→ **Problem to work on**: Pictures aside, write out the data exactly as it reads.
*** Opening Dataset content ***
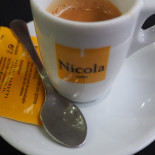 Maracana Boisson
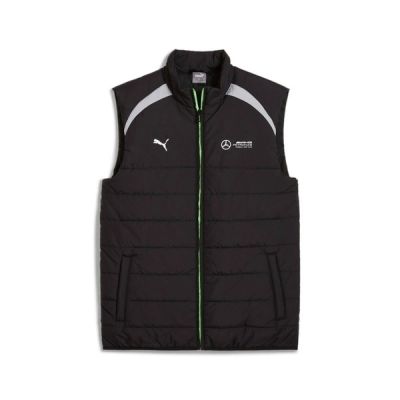 Puma MAPF1 Mercedes AMG Petronas F1 Sports Vest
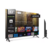 Led Smart Tv 43 Hitachi Le43smart23 Fhd Androidtv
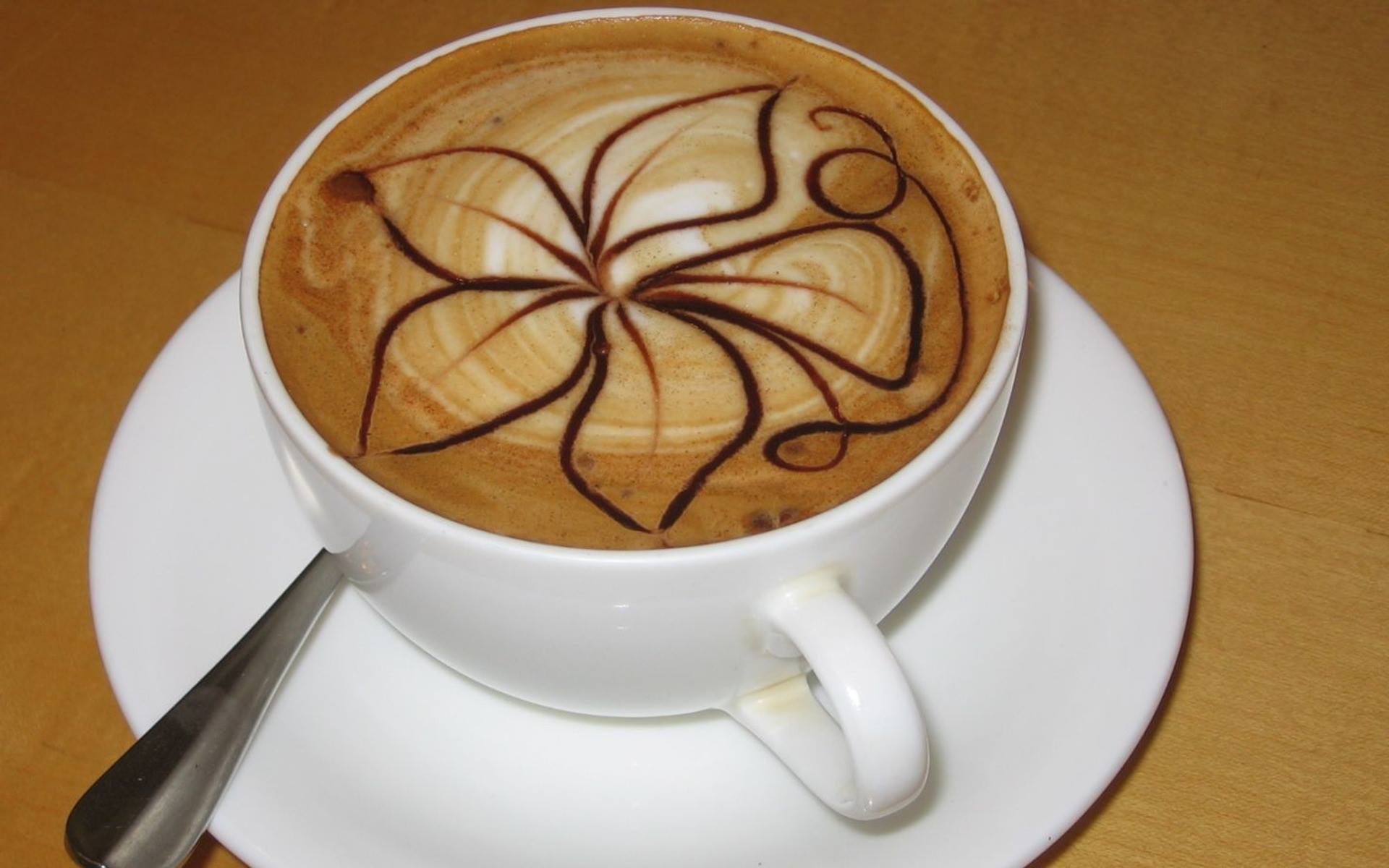 Coffee Houser Adda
*** Closing Dataset content ***
→ **Answer to this exercise**:
 Maracana Boisson
 Puma MAPF1 Mercedes AMG Petronas F1 Sports Vest
 Led Smart Tv 43 Hitachi Le43smart23 Fhd Androidtv
 Coffee Houser Adda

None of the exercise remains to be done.